=== YOUR INSTRUCTIONS ===
Restate word for word the section of the entries that opens at the line containing "កសិ​កជំរុញ​ការ" and closes at the line containing "野杨梅2生的可以解渴治疗打瞌睡", both lines kept, pictures dropped.

=== EXCERPTED RECORDS ===
+ + + +

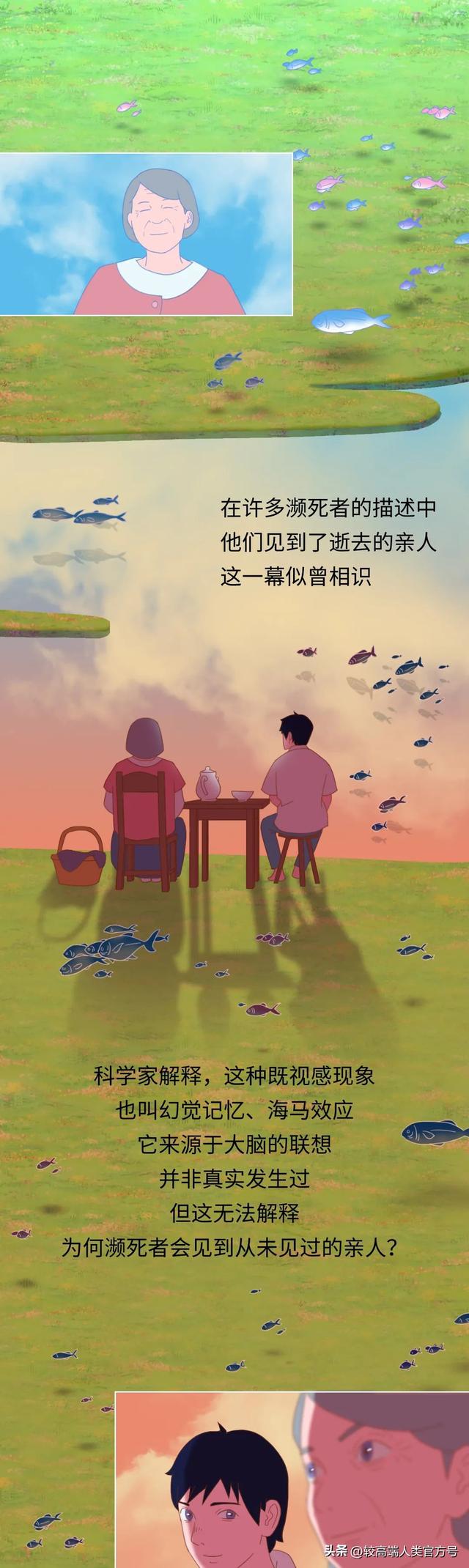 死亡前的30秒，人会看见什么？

+ + + +

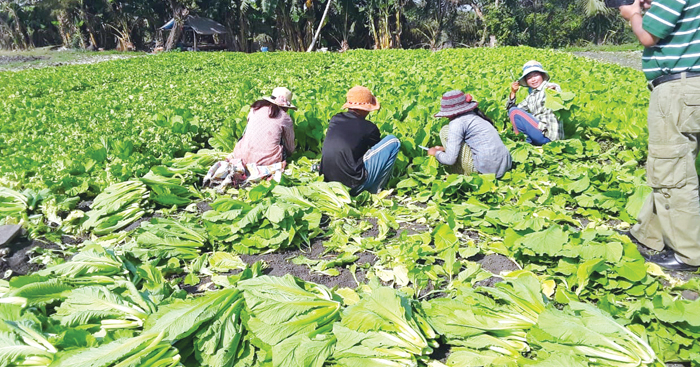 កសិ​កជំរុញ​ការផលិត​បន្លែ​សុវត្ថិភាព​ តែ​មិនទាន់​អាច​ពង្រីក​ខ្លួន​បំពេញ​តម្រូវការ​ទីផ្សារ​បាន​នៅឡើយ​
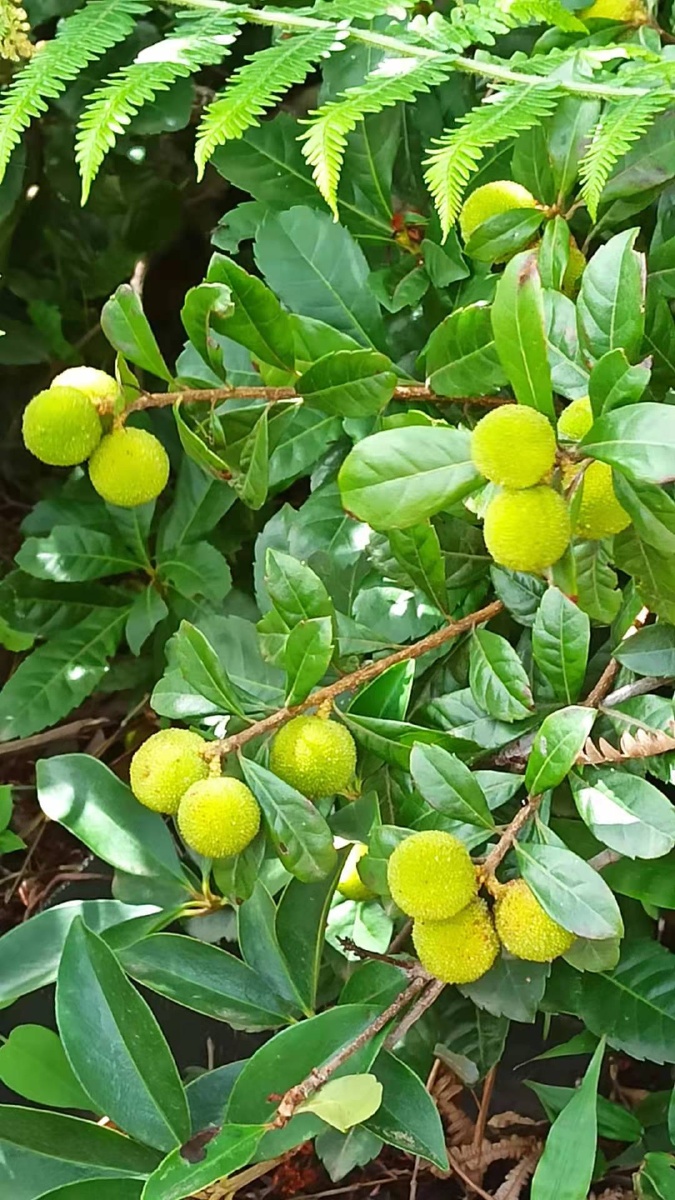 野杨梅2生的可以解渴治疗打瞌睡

+ + + +

=== FINISHED TASK ===
 កសិ​កជំរុញ​ការផលិត​បន្លែ​សុវត្ថិភាព​ តែ​មិនទាន់​អាច​ពង្រីក​ខ្លួន​បំពេញ​តម្រូវការ​ទីផ្សារ​បាន​នៅឡើយ​
 野杨梅2生的可以解渴治疗打瞌睡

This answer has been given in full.